You are viewing a plain text version of this content. The canonical link for it is here.
Posted to user@cassandra.apache.org by Roshan Dawrani <ro...@gmail.com> on 2011/01/20 12:46:06 UTC

Embedded Cassandra server startup question

Hi,

I am using Cassandra for a Grails application and in that I start the
embedded server when the Spring application context gets built.

When I run my Grails app test suite - it first runs the integration and then
functional test suite and it builds the application text individually for
each phase.

When it brings the up the embedded Cassandra server in 2nd phase (for
functional tests), it fails saying "*Attempt to assign id to existing column
family.*"

Anyone familiar with this error?
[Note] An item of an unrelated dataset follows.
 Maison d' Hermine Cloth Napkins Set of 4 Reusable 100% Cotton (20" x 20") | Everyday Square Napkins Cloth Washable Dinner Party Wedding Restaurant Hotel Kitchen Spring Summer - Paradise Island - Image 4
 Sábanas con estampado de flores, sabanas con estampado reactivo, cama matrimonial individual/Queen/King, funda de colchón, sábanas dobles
Is it because both the test phases are
executed in the same JVM instance and there is some Cassandra meta-data from
phase 1 server start that is affecting the server startup in 2nd phase?

Any way I can cleanly start the server 2 times in my case? Any other
suggestion? Thanks.

-- 
Roshan
Blog: http://roshandawrani.wordpress.com/
Twitter: @roshandawrani <http://twitter.com/roshandawrani>
Skype: roshandawrani

Re: Embedded Cassandra server startup question

Posted by Anand Somani <me...@gmail.com>.
It is a little slow not to the point where it concerns me (only have few
tests for now), but keeps things very clean so no surprise effects.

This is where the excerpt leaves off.